Успела только прошептать
про злую прелесть расставанья
и сразу залегла в кровать.
Не захотела на диване.
Мельчайших слов, пустых времен
обескураживавший почерк
теперь не то чтоб удален
совсем, но ясно, что отсрочен,
увы, не бесконечен ряд,
и на каком-нибудь диване
мир перестанет рисковать.
И наступает расставанье.
* * *
С учетом смерти мы так простодушны,
что я не понимаю даже,
как можно жить стремительно и скучно,
и жить чем дальше, тем всё гаже.
Когда бы речь затеяв о мотивах
и днем перебивая ночь,
изобразили нас счастливыми,
я бы поверить был не прочь.
Вот человек упал в падучей
посередине, улицу переходя.
Мы ехали.
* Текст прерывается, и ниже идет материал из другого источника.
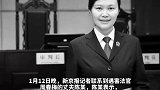 湖南高院遇害法官家属：孩子只有两岁多，嫌疑人系妻子校友，离婚后过得不好   湖南
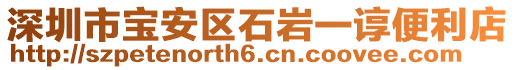 深圳市寶安區(qū)石巖一諄便利店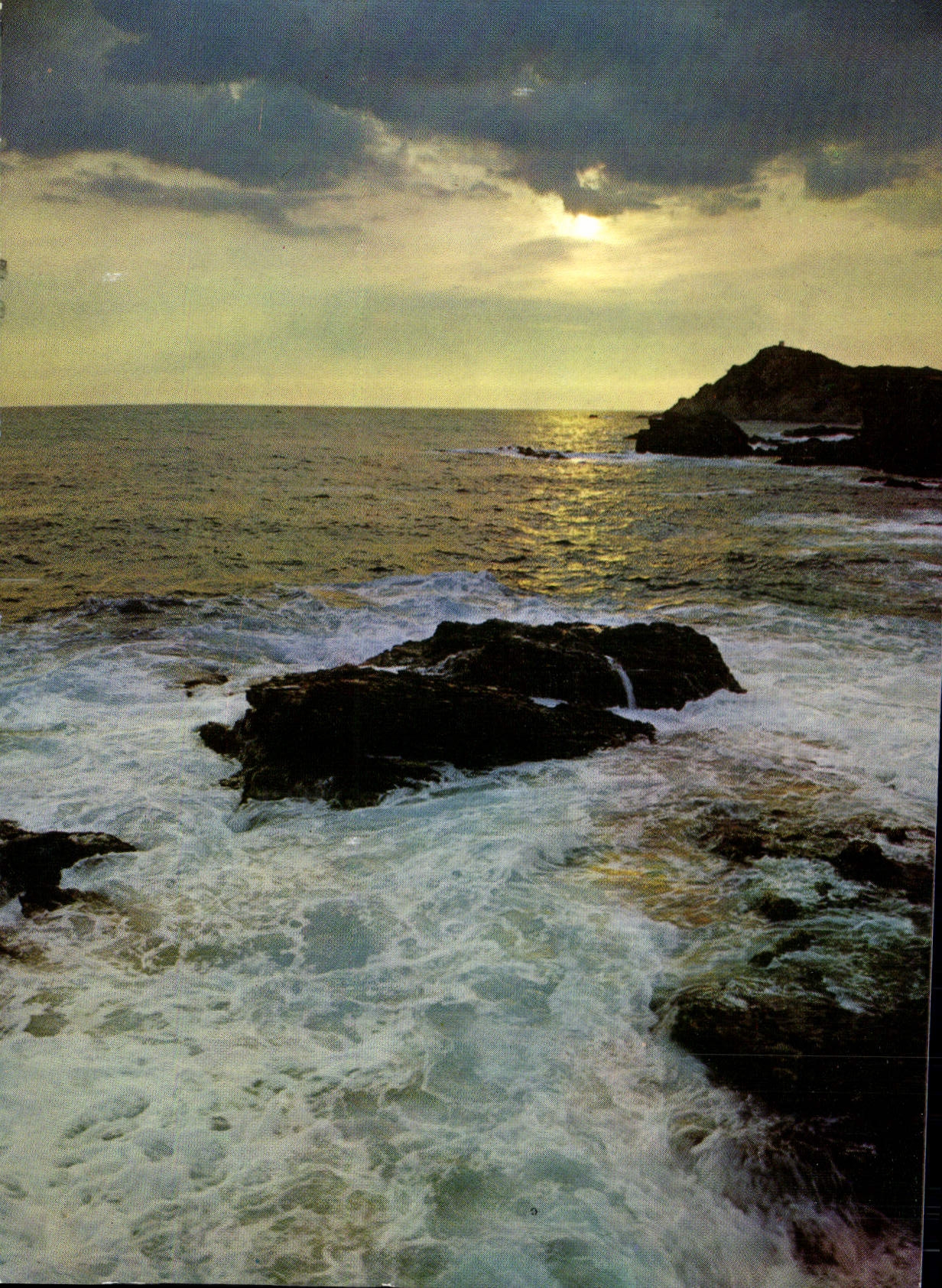 POSTAL MODERNA la dimensión de Dazur o la invitación en los días de fiesta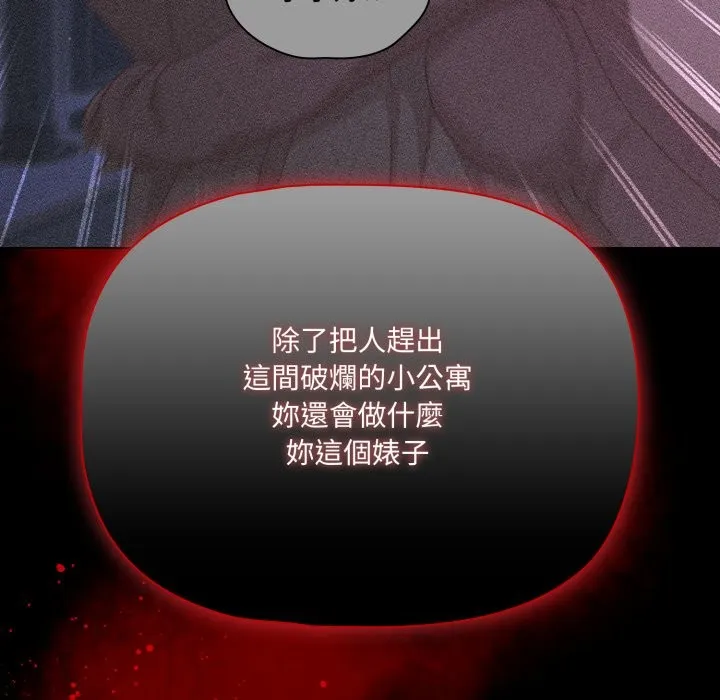 幸福來得太突然第65話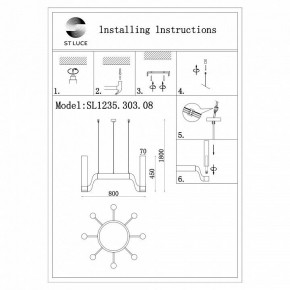 Подвесная люстра ST-Luce Ettore SL1235.303.08 в Лысьве - lysva.mebel24.online | фото 4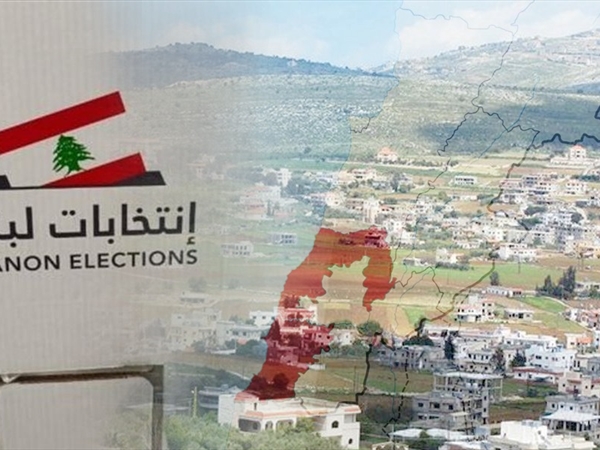 نتائج ٢٤ أيّار هديّة ٢٥ أيّار..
Дорожный случай.
Куда мы ехали, куда?
* * *
Извлекая стройный запах
из подручного стиха,
я стою в еловых лапах,
на меня идут снега.
Не колеблясь, не робея -
воздух чист и цель видна, -
я, подобно скарабею,
прочно строюсь из говна.
И прекрасно, и забавно
жить отдельной незадачей -
как обзавестись бы славной
теплой и просторной дачей
или даже зимним домом,
бремя времени ценя,
чтобы всем моим знакомым
не добраться б до меня.
* * *
В белом саване славном
из условного мира
мы к Начальнику главному,
не прибравши квартиру,
отправляемся рядышком,
но по одиночке,
и кому будут ладушки,
а кому и по попочке.
Или по почке.
Всё багрово донельзя,
в прогнившей неба тоске.
Прищурься и целься
в кружки на соске.
Облака - розоватые сиськи небес -
нависают над нами.
Со словами и без
мы останемся сами,
одни, без кого-нибудь рядом, -
как на юге у нас говорили когда-то, -
и шагом парадным
пойдем по увесистым датам,
защищенным незнанием завтра,
похмельем и горечью нового мира,
блеском ненаступившего марта,
роскошью провинциального тира.
* * *
Cудя по жизни, смерть неизбежна,
но неизбежность не есть жестокость.
Можно ведь ласково и даже бережно
тело вести к неминуемой пропасти.
Нежные руки эпохи торжественны,
крохи любви осыпаются с пальцев,
и очаровательно-женственны
в чреве больницы смертельные спальни.
Бренный мир, бренный и чем-то беременный.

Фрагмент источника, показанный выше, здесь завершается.